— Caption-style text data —
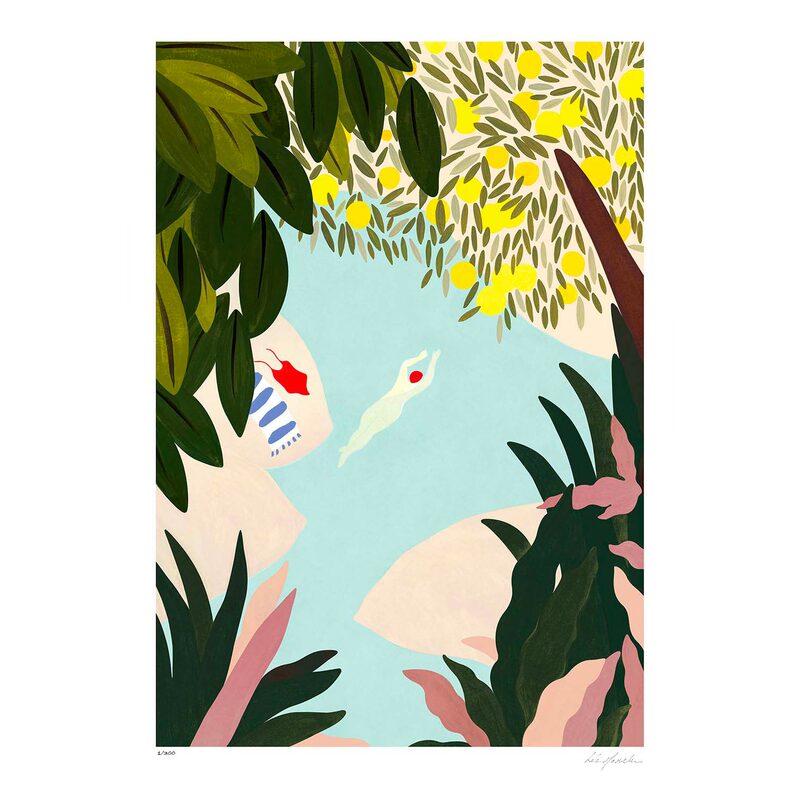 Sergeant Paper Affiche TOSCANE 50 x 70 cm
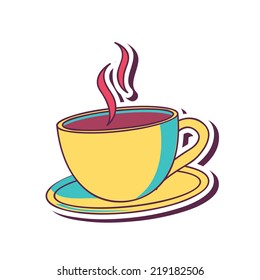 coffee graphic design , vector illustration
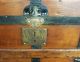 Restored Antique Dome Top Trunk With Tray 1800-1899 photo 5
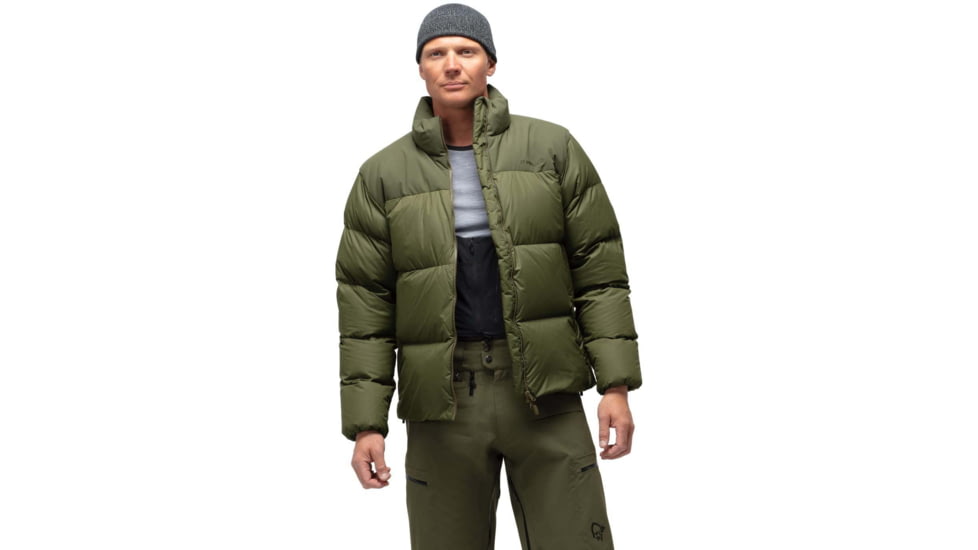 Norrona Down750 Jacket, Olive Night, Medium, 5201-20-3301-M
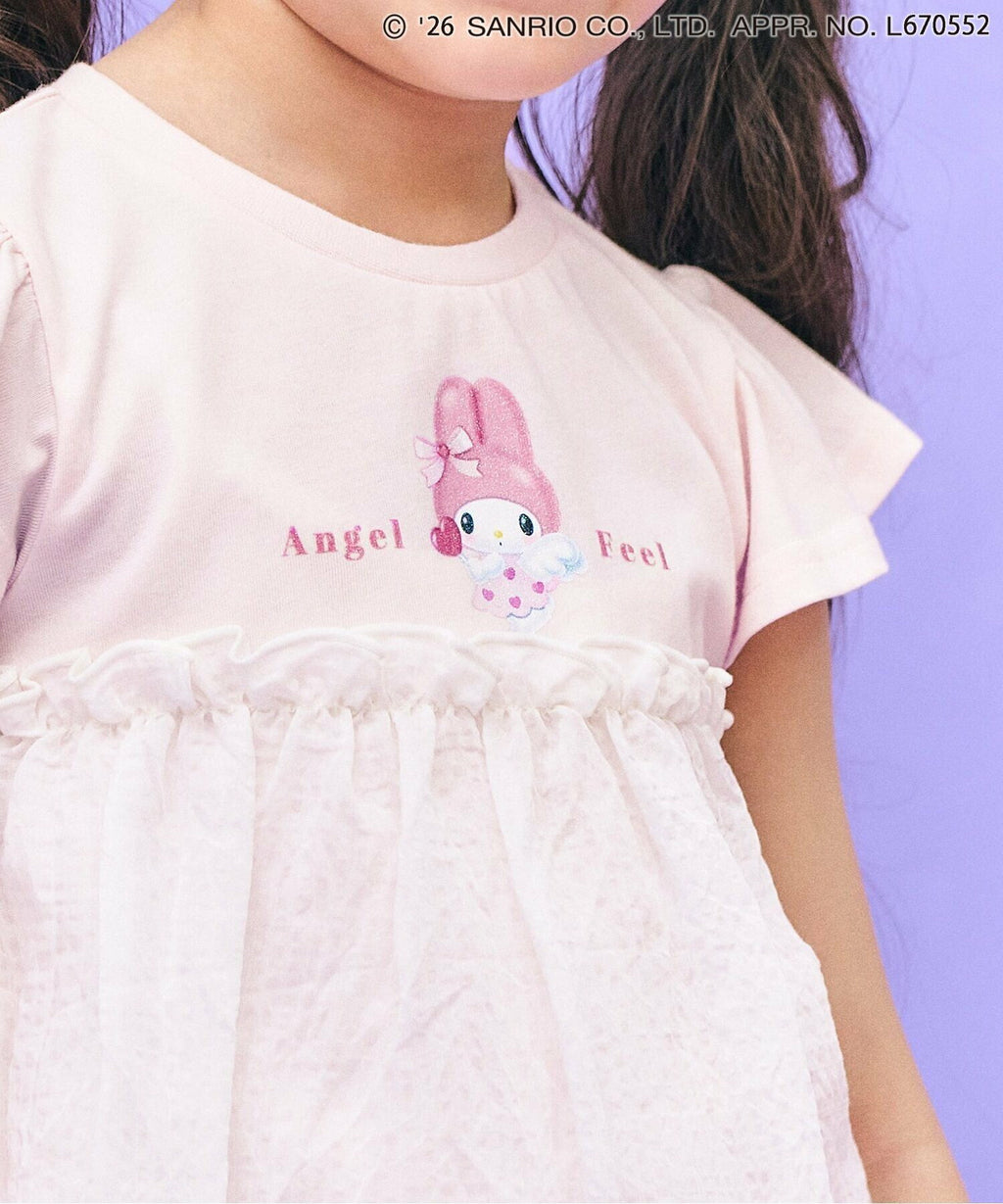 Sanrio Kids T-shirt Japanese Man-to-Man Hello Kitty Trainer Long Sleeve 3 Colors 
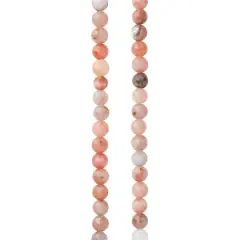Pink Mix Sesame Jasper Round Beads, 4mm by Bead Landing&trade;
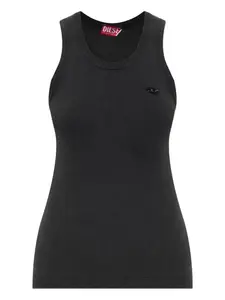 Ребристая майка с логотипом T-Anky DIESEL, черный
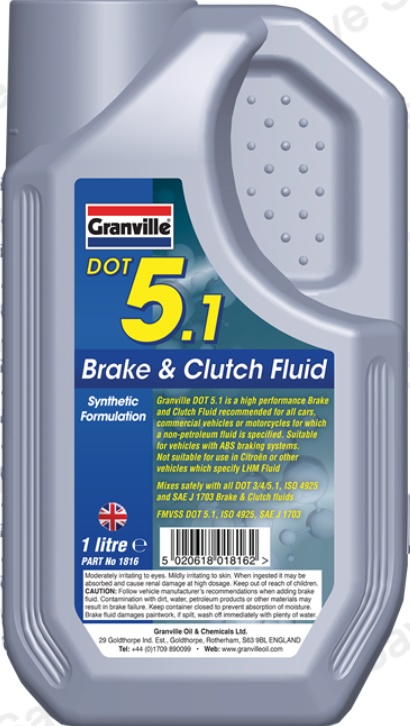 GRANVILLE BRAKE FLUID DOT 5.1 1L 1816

— What you have to do —
Lines from the one holding "Restored Antique Dome" down to the last line of the entries above must be retyped exactly, inclusive of both, with no pictures and nothing else.

— Solved exercise —
 Restored Antique Dome Top Trunk With Tray 1800-1899 photo 5
 Norrona Down750 Jacket, Olive Night, Medium, 5201-20-3301-M
 Sanrio Kids T-shirt Japanese Man-to-Man Hello Kitty Trainer Long Sleeve 3 Colors 
Pink Mix Sesame Jasper Round Beads, 4mm by Bead Landing&trade;
 Ребристая майка с логотипом T-Anky DIESEL, черный
 GRANVILLE BRAKE FLUID DOT 5.1 1L 1816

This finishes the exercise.